_Input data_.
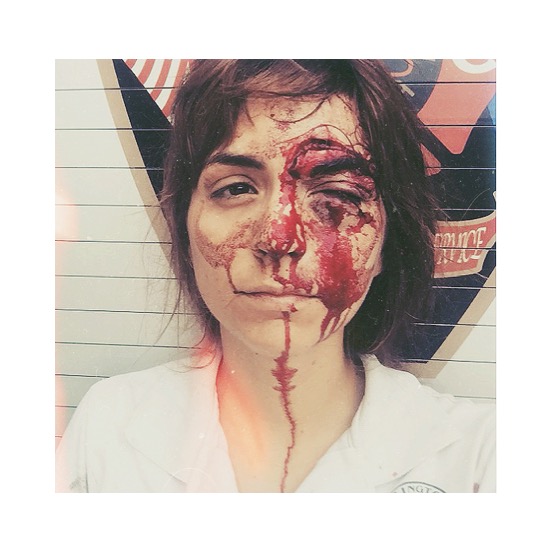 THE AUTHOR IMMEDIATELY AFTER A HORSE HOOF TO THE FACE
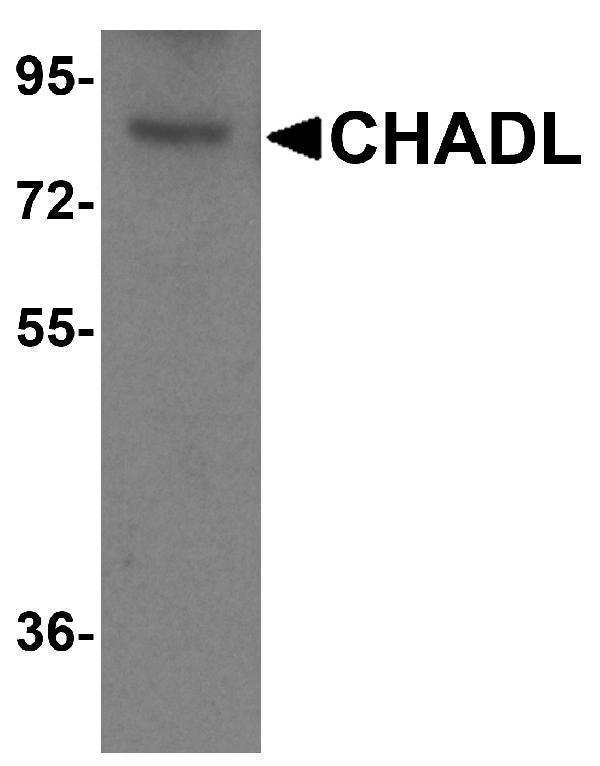 Western blot analysis of CHADL in mouse kidney tissue lysate with CHADL antibody at (A) 1 and (B) 2 μg/ml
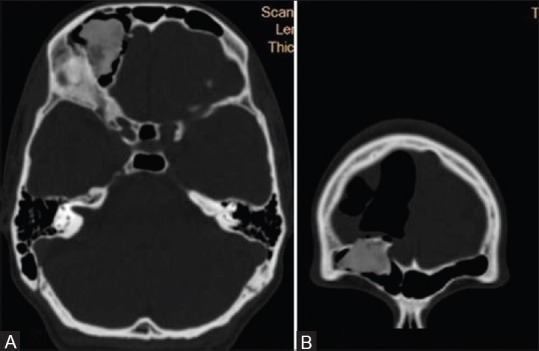 Figure 3 (A and B)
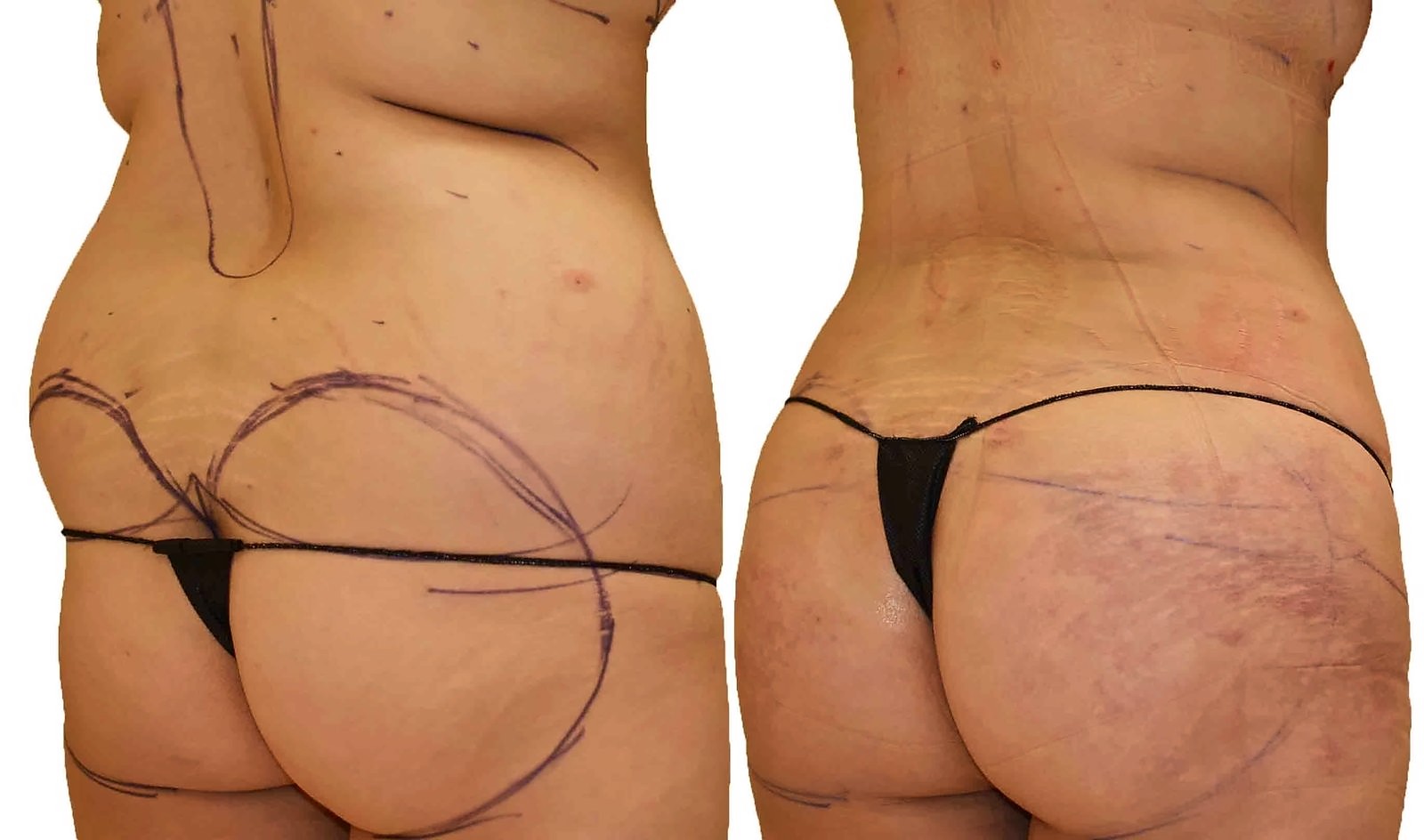 Before/After Fat Transfer, BBL before and after, actual patient of Dr. Long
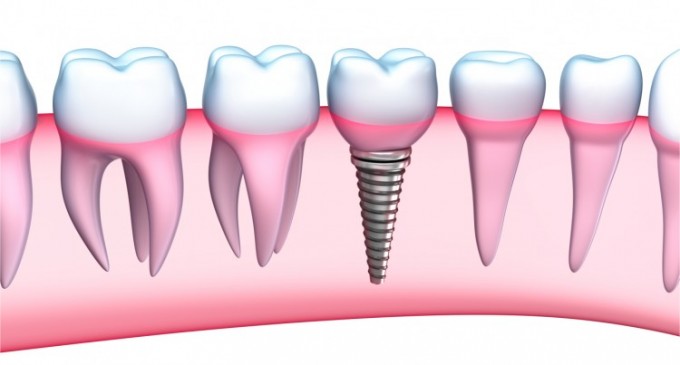 De ce este un implant dentar Fast&Fixed solutia potrivita pentru tine?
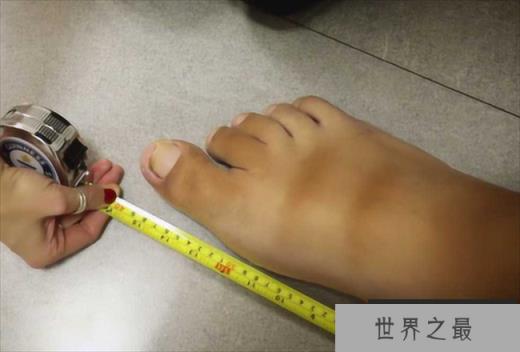世界上最大的脚 来自委内瑞拉的男子(均40.4厘米)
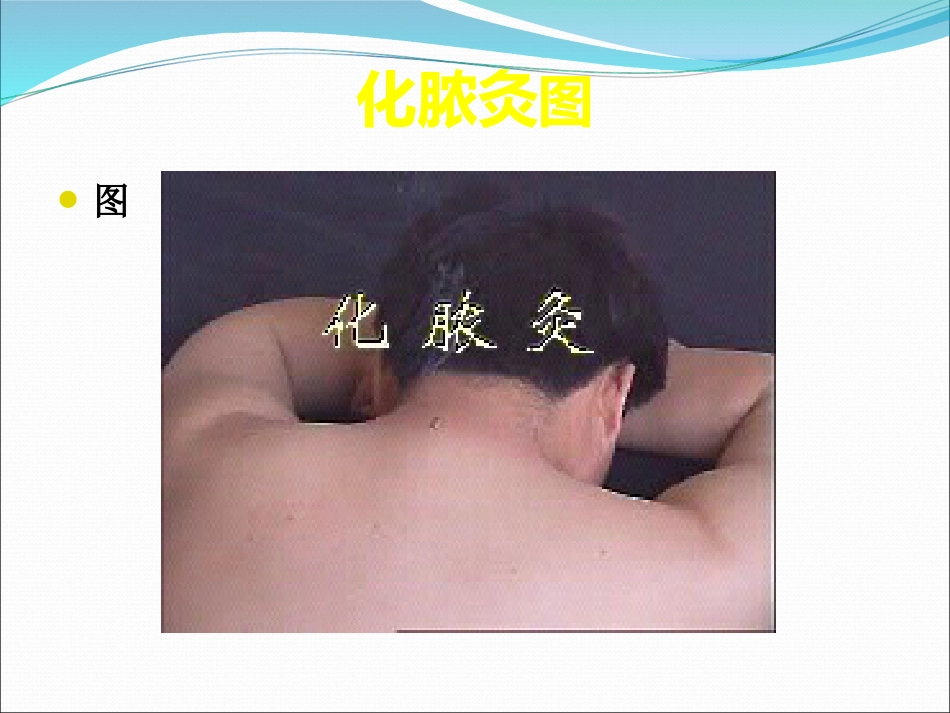 灸法和拔罐法_第13页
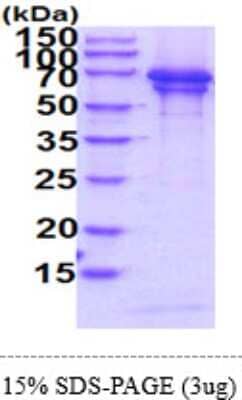 SDS-PAGE: Recombinant Human Chromogranin A His Protein [NBP2-61453]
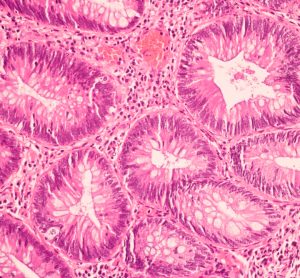 600x magnified view of ductal cell carcinoma stained with haematoxylin & eosin (H&E)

_Your instructions_.
Set down a word-for-word copy of the records, dropping any picture.

_Task output_.
 THE AUTHOR IMMEDIATELY AFTER A HORSE HOOF TO THE FACE
 Western blot analysis of CHADL in mouse kidney tissue lysate with CHADL antibody at (A) 1 and (B) 2 μg/ml
 Figure 3 (A and B)
 Before/After Fat Transfer, BBL before and after, actual patient of Dr. Long
 De ce este un implant dentar Fast&Fixed solutia potrivita pentru tine?
世界上最大的脚 来自委内瑞拉的男子(均40.4厘米)
 灸法和拔罐法_第13页
 SDS-PAGE: Recombinant Human Chromogranin A His Protein [NBP2-61453]
 600x magnified view of ductal cell carcinoma stained with haematoxylin & eosin (H&E)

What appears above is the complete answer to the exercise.